_Exercise prompt_
Quote exactly and only this range of lines in the data below: the line that holds "Poster - Double" to the line that holds "Smiling cheerful group", both included.

_Data supplied_
== Segment start ==
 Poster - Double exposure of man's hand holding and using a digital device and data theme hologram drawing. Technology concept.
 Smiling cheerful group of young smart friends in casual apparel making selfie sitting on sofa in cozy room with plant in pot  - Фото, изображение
== Segment end ==
== Segment start ==
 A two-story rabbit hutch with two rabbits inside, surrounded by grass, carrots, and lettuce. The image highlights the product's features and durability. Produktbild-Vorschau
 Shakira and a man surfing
== Segment end ==
== Segment start ==
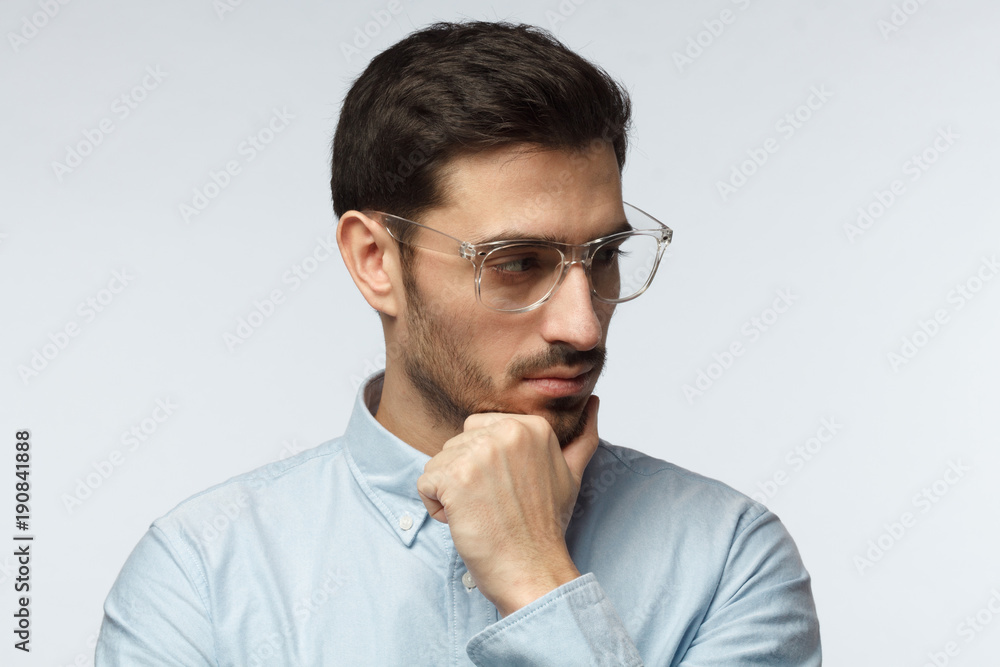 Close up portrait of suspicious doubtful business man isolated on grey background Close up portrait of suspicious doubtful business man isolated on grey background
== Segment end ==
_Response to the task_
 Poster - Double exposure of man's hand holding and using a digital device and data theme hologram drawing. Technology concept.
 Smiling cheerful group of young smart friends in casual apparel making selfie sitting on sofa in cozy room with plant in pot  - Фото, изображение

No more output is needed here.